• Eda Aydemir


As we all know through play, kids learn different things without even realizing it!

Playing with a spirograph, experimenting and trying all kinds of combinations, kids will develop mathematical and scientific intuition they can draw and realize the patterns, with the proper questions they can experiment, hypothesize, test, and generalize even reach conclusions.

Spirograph is a geometric drawing device that produces various mathematical curves known as hypotrochoids and epitrochoids.

The well-known toy version was developed by British engineer Denys Fisher and first sold in 1965. Original toy’s website:

This image is taken from Smithsonian National Museum of American History


The patterns that are created depend on three variables:

  • the radius of the fixed disc or wheel, (the number of teeth)

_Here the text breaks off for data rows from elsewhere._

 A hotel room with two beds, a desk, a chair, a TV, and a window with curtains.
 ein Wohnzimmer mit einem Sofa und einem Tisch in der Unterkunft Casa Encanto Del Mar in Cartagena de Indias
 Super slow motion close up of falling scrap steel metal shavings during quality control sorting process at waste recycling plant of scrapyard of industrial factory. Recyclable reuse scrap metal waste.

  • the radius of the revolving disc, (the number of teeth)

  • the location of the point on the moving disc.

By changing any one of these variables you can get tons of incredible and beautiful patterns.

Please check the Wolfram's collection of plane curves related with the curve names listed below.

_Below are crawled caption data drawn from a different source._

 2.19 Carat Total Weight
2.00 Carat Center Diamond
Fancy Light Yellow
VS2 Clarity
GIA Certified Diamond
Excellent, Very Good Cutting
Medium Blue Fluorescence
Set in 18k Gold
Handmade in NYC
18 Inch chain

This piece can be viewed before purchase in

A point on a wheel rolling inside a circle traces out a hypocycloid. A point on a wheel rolling on a flat surface traces out a curve called a cycloid. A point on a wheel rolling outside another wheel traces out an epicycloid.

A spirograph can be used to create artistically interesting patterns.

Besides the serious math behind it, the patterns can also be used to study;

  • LCM

  • Modular arithmetic

  • The fundamental theorem of mathematics.

Use the spirograph applet here"

Click here for the SPIROGRAPH TASK about LCM and Modular Arithmetic

(for the middle school level)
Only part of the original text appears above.